Aliás, a primeira vez que ouvi essa cantoria anti-Brasil foi na Copa do Mundo de 2014, quando esperava a decisão Alemanha x Argentina. Nas ruas do Rio, eles saíam cantando em voz alta e espicaçando os brasileiros. Pelo que se sabe não houve nenhum revide físico, o que duvido muito que ficasse barato caso o mesmo acontecesse em ruas argentinas.   

É claro que o sentimento de adesão à equipe argentina tem muito a ver com a profunda irritação dos brasileiros com o papelão do time de Neymar & cia. Inevitável a comparação quanto à raça, a disciplina e o comprometimento de Messi & muchachos. A decepção com os nossos e o fator Messi permitiram que os hermanos fossem adotados em nome da causa sul-americana.

A consequência positiva do fiasco no Qatar é que força mudanças do lado de cá. Nada será como antes na Seleção, pelo menos nos próximos quatro anos. Nada de Daniel Alves, Tite e seus auxiliares meia-boca. Sob pressão, a milionária CBF pretende fazer uma imersão na ousadia, contratando um técnico estrangeiro, única saída possível a essa altura.

Lembrar que vexames semelhantes levaram a conquistas logo na Copa subsequente. Foi assim em 1966, que gestou o tri de 1970. Aconteceu o mesmo em 1990, quando o Brasil foi eliminado pela Argentina e partiu para o título de 1994, nos EUA. Em 1998, a “cara-branca” de Ronaldo e a derrota na França levou à vitoriosa campanha em 2002. Por tudo isso, 2026 promete boas notícias.

A vergonhosa (e parcial) arbitragem da grande final

O brasileiro Wilton Pereira Sampaio teve desastrosa atuação no jogo França x Inglaterra. Foi um vexame, de fato. Só que Wilton foi superado pelo polonês Szymon Marciniak, árbitro atrapalhado e medroso, que destoou do sensacional espetáculo que foi a decisão entre Argentina x França. Ficou muito abaixo do nível da partida e cometeu erros graves, que podem ter comprometido o resultado final.

Um dos mais sérios vacilos foi ter confirmado o terceiro gol dos argentinos. Segundo regra da Fifa, jogadores ou pessoas estranhas ao jogo não podem entrar em campo com a bola rolando. Os reservas entraram em campo para festejar o gol quando a bola foi rebatida pela defesa de dentro da trave.
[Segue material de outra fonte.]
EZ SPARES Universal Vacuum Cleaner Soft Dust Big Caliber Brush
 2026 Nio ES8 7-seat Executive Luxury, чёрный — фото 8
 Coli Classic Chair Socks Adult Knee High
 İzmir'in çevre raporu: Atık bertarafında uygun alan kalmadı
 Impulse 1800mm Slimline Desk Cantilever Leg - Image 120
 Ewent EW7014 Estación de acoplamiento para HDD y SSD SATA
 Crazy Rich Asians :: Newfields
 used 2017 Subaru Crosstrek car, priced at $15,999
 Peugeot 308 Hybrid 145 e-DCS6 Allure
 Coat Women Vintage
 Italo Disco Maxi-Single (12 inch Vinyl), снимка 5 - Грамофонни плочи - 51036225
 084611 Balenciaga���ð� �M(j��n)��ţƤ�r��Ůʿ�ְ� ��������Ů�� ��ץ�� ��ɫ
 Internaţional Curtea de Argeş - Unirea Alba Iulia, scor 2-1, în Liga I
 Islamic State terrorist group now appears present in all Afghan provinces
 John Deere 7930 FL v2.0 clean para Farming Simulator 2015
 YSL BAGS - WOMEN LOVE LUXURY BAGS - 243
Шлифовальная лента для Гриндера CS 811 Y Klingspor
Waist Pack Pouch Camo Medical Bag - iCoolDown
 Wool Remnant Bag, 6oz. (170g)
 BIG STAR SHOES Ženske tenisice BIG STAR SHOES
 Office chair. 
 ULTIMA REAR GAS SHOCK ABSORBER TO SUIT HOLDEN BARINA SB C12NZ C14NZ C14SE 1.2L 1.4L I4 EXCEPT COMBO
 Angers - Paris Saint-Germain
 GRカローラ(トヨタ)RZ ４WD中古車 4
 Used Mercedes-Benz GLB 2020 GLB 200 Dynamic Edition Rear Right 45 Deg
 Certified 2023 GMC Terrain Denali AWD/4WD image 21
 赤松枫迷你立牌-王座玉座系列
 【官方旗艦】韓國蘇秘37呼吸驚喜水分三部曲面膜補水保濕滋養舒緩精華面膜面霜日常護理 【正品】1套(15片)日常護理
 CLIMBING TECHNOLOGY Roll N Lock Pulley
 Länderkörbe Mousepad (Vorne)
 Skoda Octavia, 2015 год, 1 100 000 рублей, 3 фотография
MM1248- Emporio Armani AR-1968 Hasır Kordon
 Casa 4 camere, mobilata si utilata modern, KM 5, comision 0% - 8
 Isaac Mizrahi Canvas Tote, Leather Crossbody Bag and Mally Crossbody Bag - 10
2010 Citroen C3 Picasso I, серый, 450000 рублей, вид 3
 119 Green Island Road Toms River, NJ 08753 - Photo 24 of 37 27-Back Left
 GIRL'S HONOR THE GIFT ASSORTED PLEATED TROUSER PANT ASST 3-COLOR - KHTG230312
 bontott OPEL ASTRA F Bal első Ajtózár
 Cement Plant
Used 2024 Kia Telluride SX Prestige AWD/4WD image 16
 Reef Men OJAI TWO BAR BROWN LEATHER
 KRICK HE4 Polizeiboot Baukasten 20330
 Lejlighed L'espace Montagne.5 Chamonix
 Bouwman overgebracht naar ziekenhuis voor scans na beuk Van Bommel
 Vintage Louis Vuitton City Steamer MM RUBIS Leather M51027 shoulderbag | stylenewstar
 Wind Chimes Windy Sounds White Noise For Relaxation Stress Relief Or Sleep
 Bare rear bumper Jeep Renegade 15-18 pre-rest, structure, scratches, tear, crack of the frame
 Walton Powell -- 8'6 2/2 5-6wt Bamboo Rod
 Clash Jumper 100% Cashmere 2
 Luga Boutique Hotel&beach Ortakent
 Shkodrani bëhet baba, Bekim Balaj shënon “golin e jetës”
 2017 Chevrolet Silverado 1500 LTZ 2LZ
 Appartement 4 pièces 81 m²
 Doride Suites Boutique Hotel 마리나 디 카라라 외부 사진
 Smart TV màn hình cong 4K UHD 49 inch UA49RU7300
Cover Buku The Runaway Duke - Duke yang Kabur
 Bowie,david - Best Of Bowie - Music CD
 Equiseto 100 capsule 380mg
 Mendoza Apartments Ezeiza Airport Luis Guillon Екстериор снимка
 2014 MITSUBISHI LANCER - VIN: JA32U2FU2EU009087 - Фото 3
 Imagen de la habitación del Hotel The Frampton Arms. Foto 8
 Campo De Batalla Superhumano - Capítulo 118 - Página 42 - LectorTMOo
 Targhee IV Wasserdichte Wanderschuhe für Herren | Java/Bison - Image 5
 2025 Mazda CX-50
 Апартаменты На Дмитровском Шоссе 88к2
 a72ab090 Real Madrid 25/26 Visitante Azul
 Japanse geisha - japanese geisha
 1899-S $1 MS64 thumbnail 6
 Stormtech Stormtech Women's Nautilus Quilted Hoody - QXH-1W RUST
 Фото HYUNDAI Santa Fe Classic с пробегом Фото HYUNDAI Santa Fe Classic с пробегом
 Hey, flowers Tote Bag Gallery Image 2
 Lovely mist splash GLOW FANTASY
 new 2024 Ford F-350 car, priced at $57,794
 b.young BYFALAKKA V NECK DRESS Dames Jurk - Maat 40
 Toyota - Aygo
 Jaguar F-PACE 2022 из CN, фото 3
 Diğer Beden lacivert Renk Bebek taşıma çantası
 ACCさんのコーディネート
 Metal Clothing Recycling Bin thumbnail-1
Messi chegou fuzilando para o barbante e seus companheiros já estavam vários metros dentro do gramado comemorando. Uma irregularidade inaceitável numa final de Copa. Marciniak, porém, ignorou a invasão e deu o gol. Pode não ter visto, mas os auxiliares certamente perceberam.

Outra falha grave foi no lance final da prorrogação quando a França partia para um contra-ataque mortal, com dois atacantes contra um zagueiro (Otamendi), com o infernal Mbappé livre na esquerda. Um provável quarto gol francês liquidaria a decisão. Marniciak preferiu interromper a jogada, marcando falta sobre Kamavinga, sem aplicar a lei da vantagem.

Nem comentarei a malandragem de Di María cavando o pênalti do primeiro gol argentino porque Marciniak nunca apitou uma partida de Libertadores, não tem como entender as manhas de um jogador sul-americano.

Outro problema foi a complacência com a violência, principalmente dos argentinos. No primeiro tempo, Di María deu uma rasteira em Rabiot, mas não levou nem advertência verbal. Até Messi andou agarrando jogador pela camisa e ele deixou passar. Só deu amarelo para o carniceiro Paredes depois de muita reclamação dos franceses.

E foi fraco com o goleiro Martinez, que catimbou e retardou acintosamente as cobranças de penalidades. Pegava a bola, fingindo verificar se estava em condições e, em seguida, chutava para longe. Um truque para irritar os adversários, coisa de várzea. Marciniak só foi enérgico quando Dibu já havia feito isso três vezes. Uma vergonha.